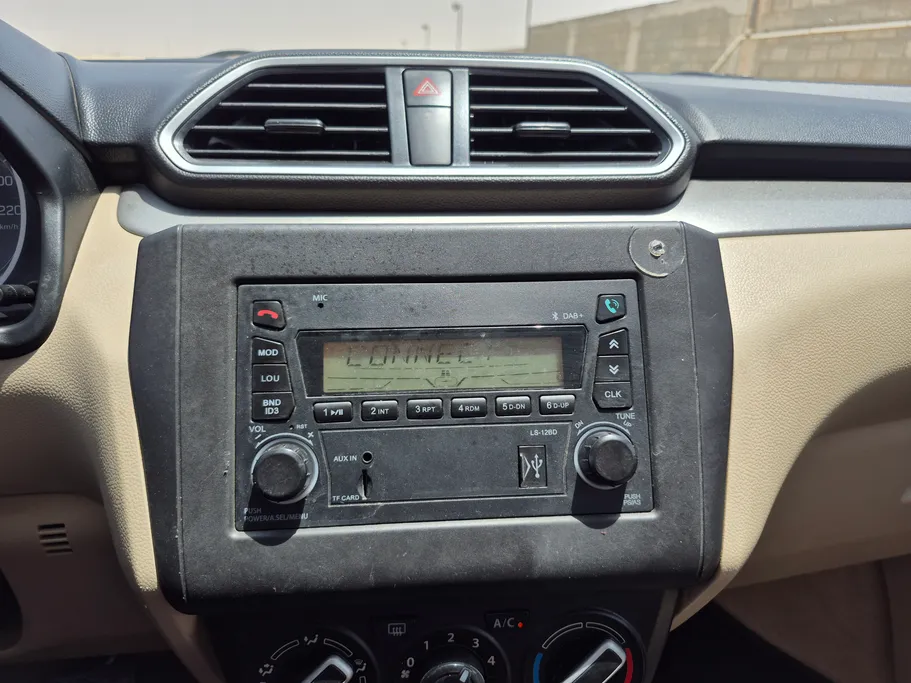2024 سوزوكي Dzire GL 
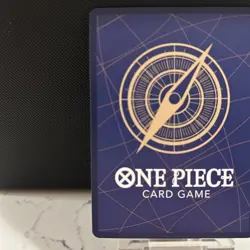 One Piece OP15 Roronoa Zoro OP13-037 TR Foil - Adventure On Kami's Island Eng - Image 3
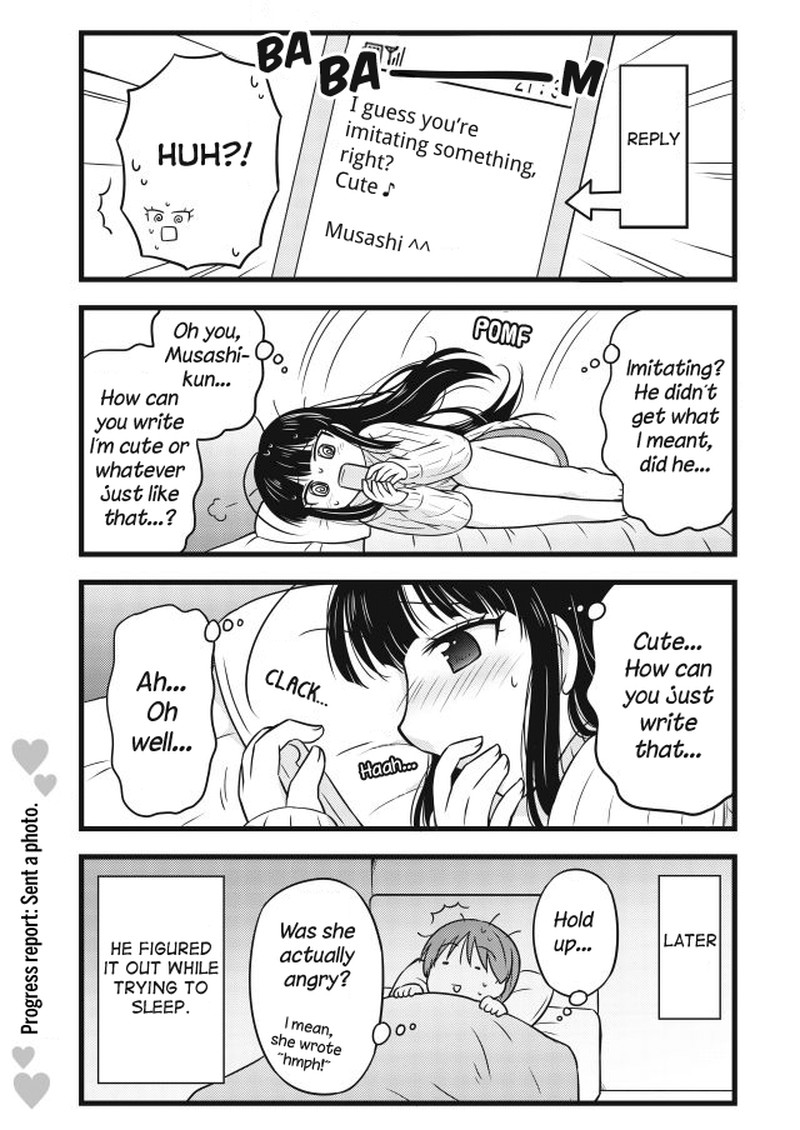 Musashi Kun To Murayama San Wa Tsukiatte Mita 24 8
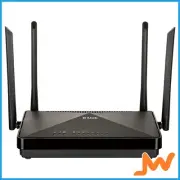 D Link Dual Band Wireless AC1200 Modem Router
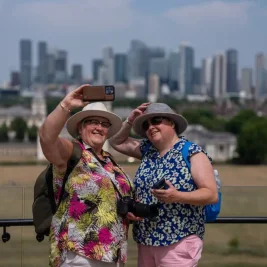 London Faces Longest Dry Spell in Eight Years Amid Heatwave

→ **Problem statement**
Pictures stay out of this copy; write out the entries above exactly.

→ **Exercise response**
2024 سوزوكي Dzire GL 
 One Piece OP15 Roronoa Zoro OP13-037 TR Foil - Adventure On Kami's Island Eng - Image 3
 Musashi Kun To Murayama San Wa Tsukiatte Mita 24 8
 D Link Dual Band Wireless AC1200 Modem Router
 London Faces Longest Dry Spell in Eight Years Amid Heatwave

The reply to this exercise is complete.